■ What is being asked:
From the line with "KRYPTON Electric Cordless" to the end of the data below, restate each line word for word, both ends included, without the pictures.

■ Raw data:
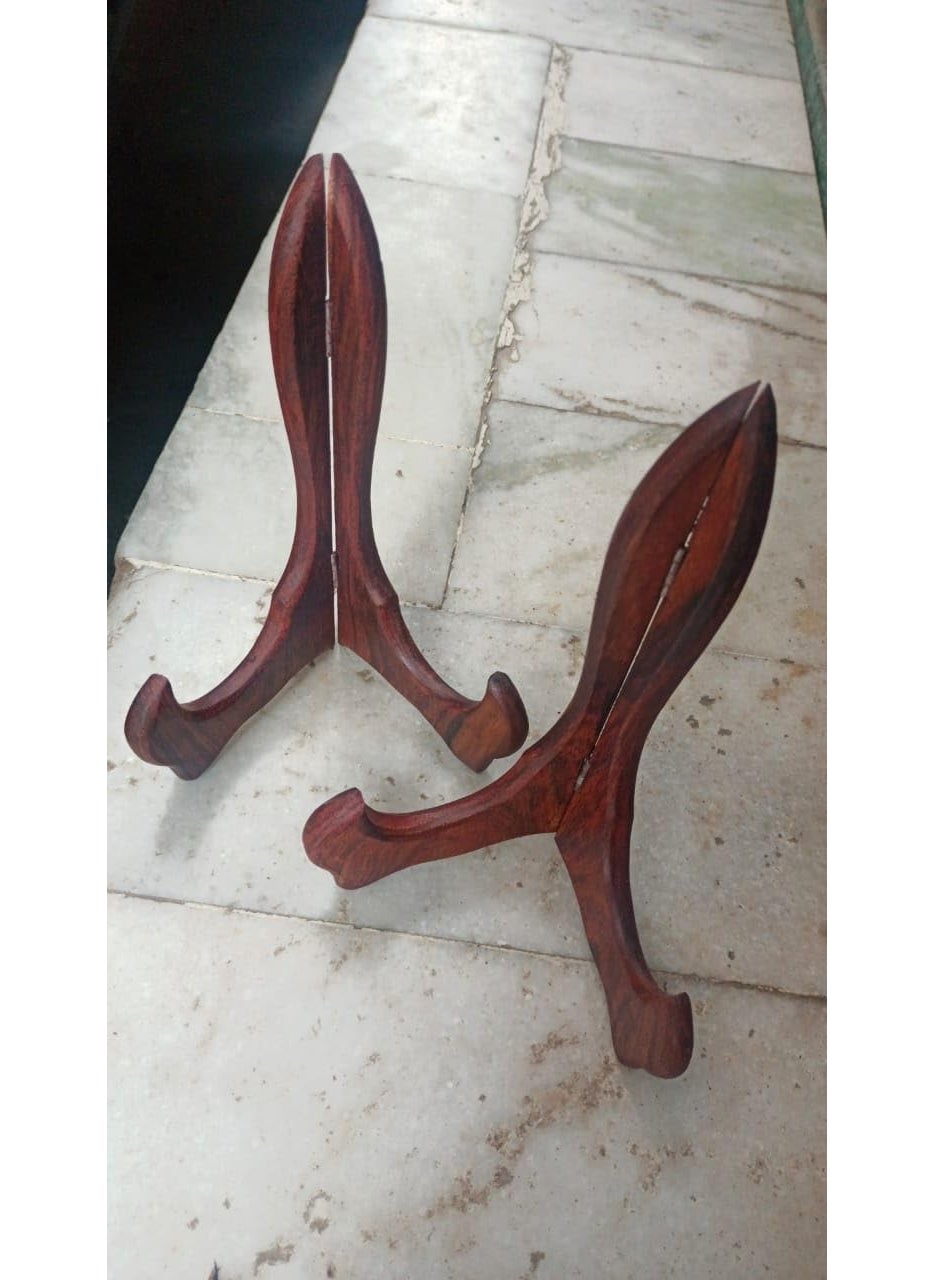 KARAFT WILA KARAFT WILA Sheesham Wooden Plate Stand Shield Easels Chakla Holder Paltter Display Stand Set of 2  - Image 1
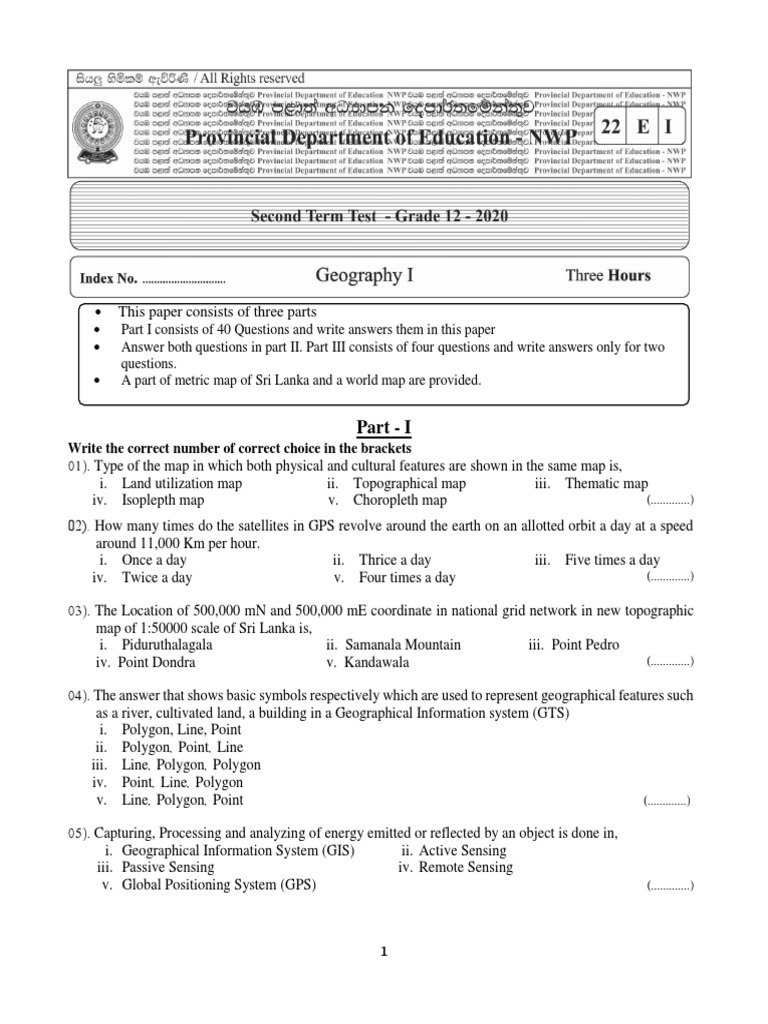 Grade 12 Geography 2nd Term Test Paper 2020 North Western Province PDF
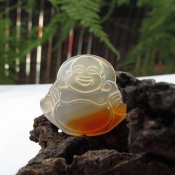 純天然冰彩玉髓俏色玉佛吊墜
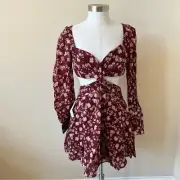 New! Bardot Logan cutout twist front Floral Mini Dress 26033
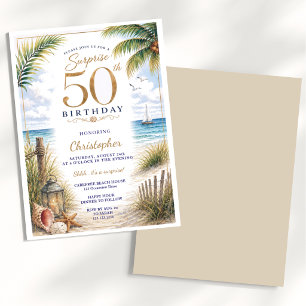 Surprise Tropical 50th Birthday Party Invitation
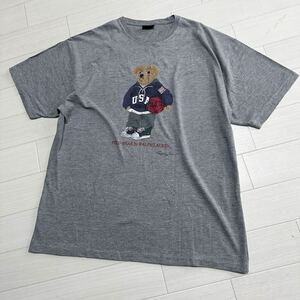 POLO RALPH LAUREN ポロ ラルフローレン ポロベア メンズ 半袖 くま プリント Tシャツ コットン 大きいサイズ グレー 古ビッグサイズ L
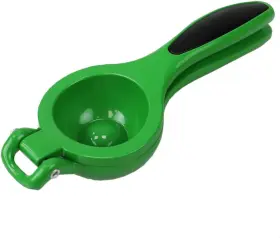 Kt37085 Home Basics Heavy-duty Enamel Coated Steel Lime Squeezer With Grip Handle In Green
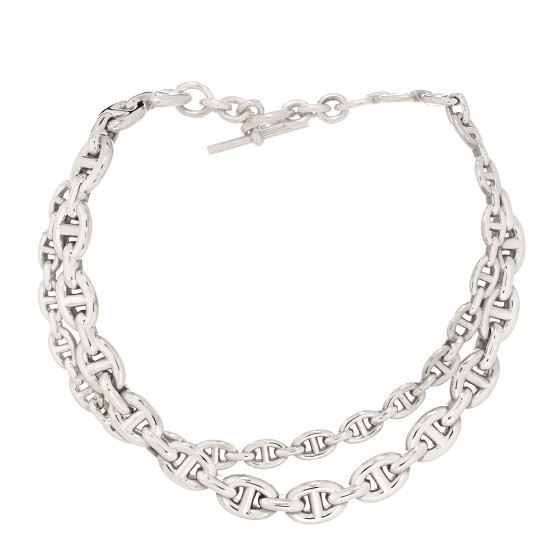 HERMES Sterling Silver Chaine d'Ancre Enchainee Collar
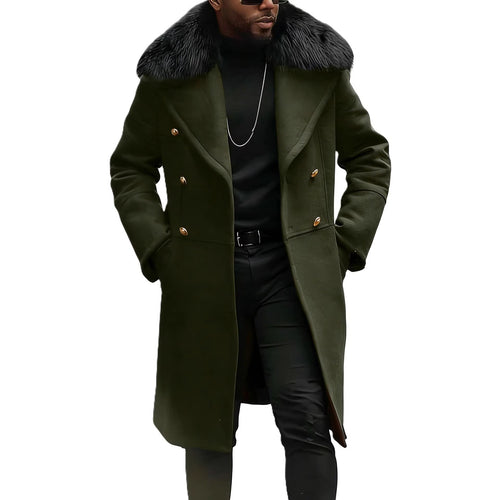 Herren Doppelreihiger Wollübermantel mit voluminösem Schafsfellkragen und goldenen Zierknöpfen Nord Taschen
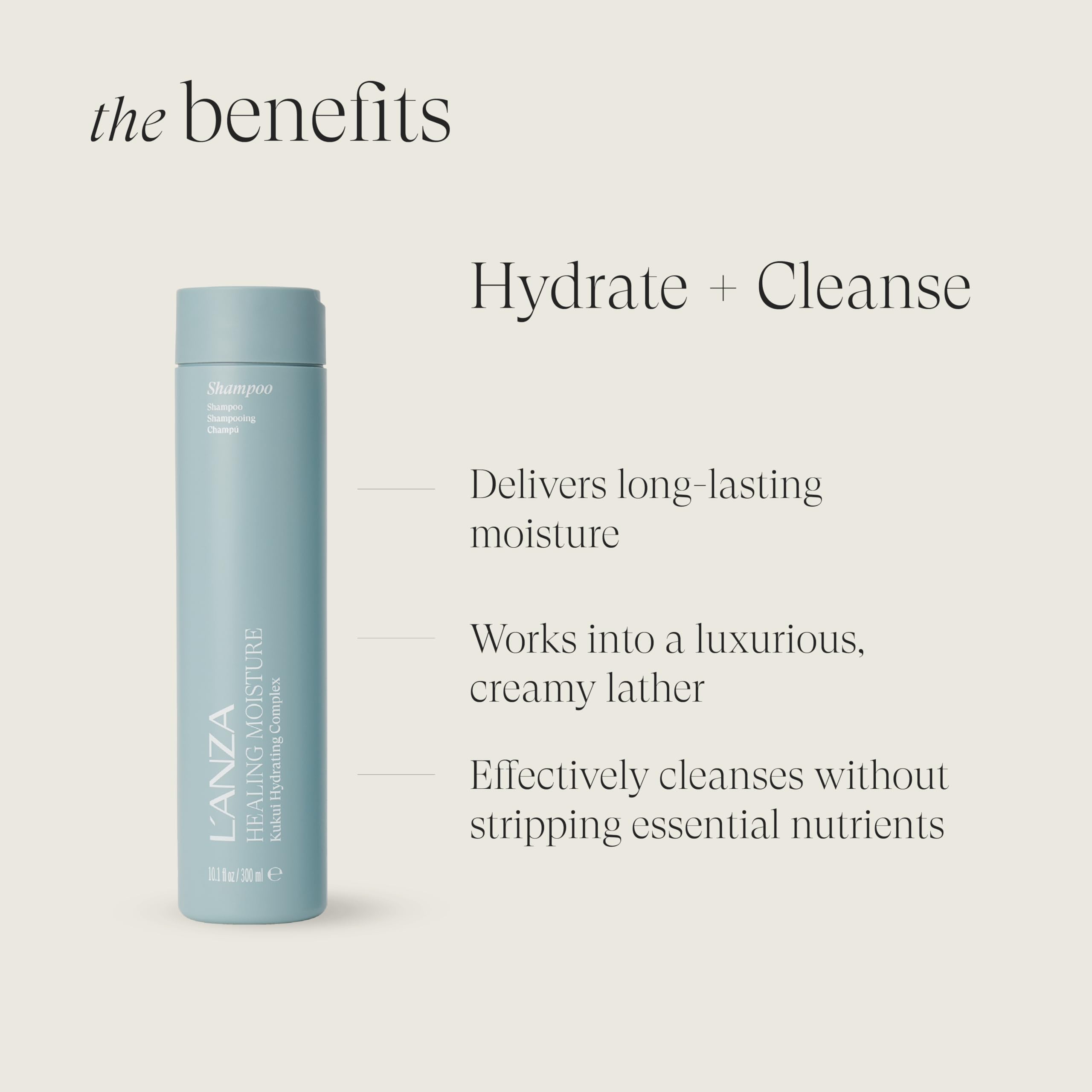 L’ANZA Healing Moisture Shampoo with tamanu oil nourishes strands during wash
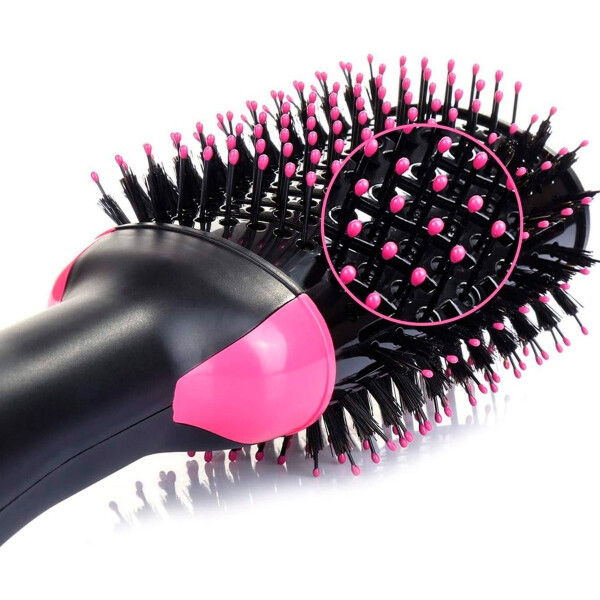 Cepillo Alisador Secador 360º Brushing Peine Anti Frizz Variante Color Rosa Negro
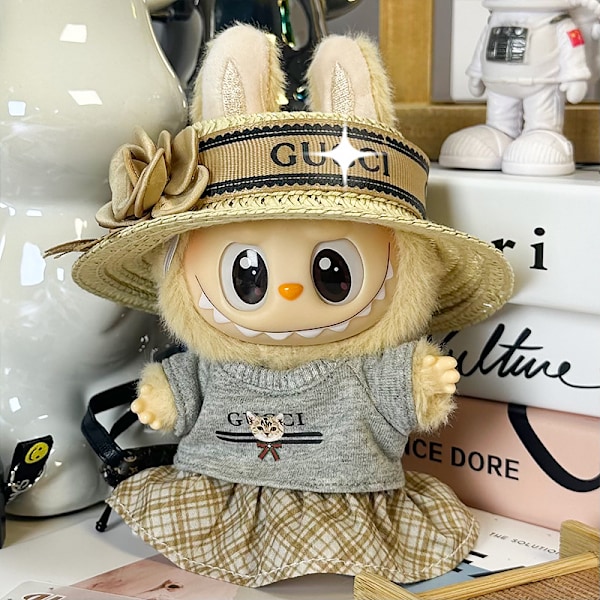 Sommerudsalg Labubu dukkeklæder første generation anden generation blind box Labubu dukkeklæder (hat + top + nederdel) G Grå stråhatt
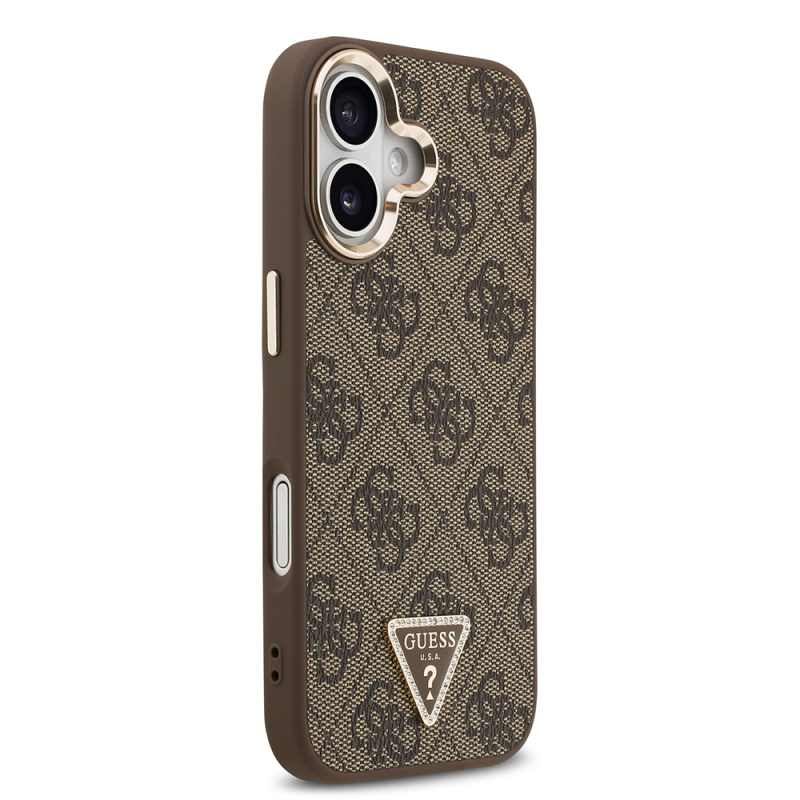 Apple iPhone 17 Case Guess Original Licensed Gold Metal Camera Frame Stone Triangle Logo 4G Patterned Cover - 13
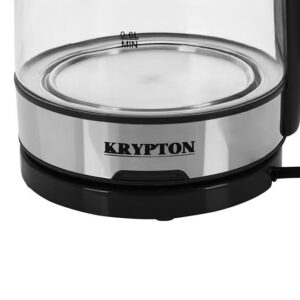 KRYPTON Electric Cordless Glass Kettle with Boil Dry Protection, Detachable Power Base, Auto Shut Off, Fast Boil & Easy to Clean and Ideal for Hot Water, Tea or Coffee 2 L 1500 W KNK6221 Black/Silver - Image 5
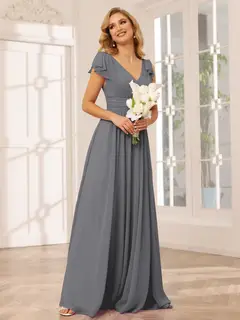 A-Line/Princess V-Neck Short Sleeves Long Bridesmaid Dresses with Ruffles — view 75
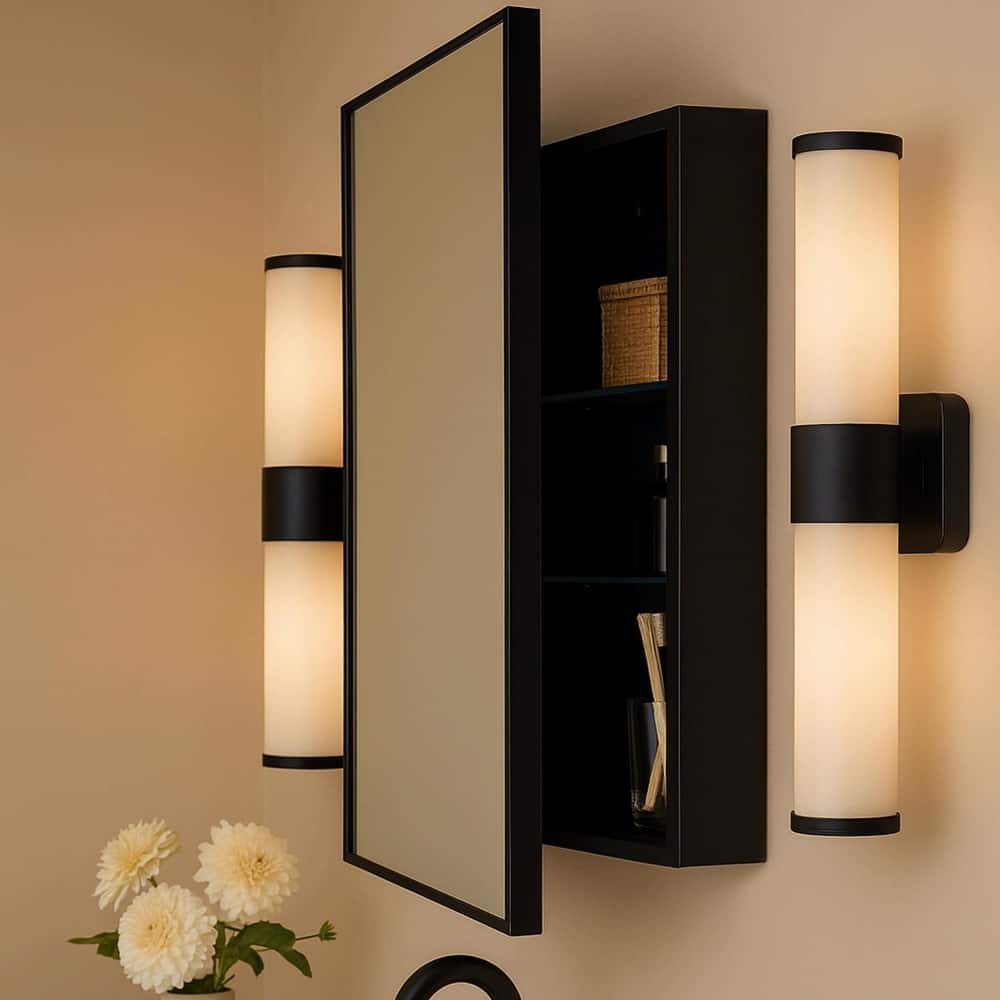 TEHOME Velin Recessed and Surface Mount Bathroom Medicine Cabinet with Mirror Square Cornered Metal Framed Rounded Rectangle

■ Written response:
 KRYPTON Electric Cordless Glass Kettle with Boil Dry Protection, Detachable Power Base, Auto Shut Off, Fast Boil & Easy to Clean and Ideal for Hot Water, Tea or Coffee 2 L 1500 W KNK6221 Black/Silver - Image 5
 A-Line/Princess V-Neck Short Sleeves Long Bridesmaid Dresses with Ruffles — view 75
 TEHOME Velin Recessed and Surface Mount Bathroom Medicine Cabinet with Mirror Square Cornered Metal Framed Rounded Rectangle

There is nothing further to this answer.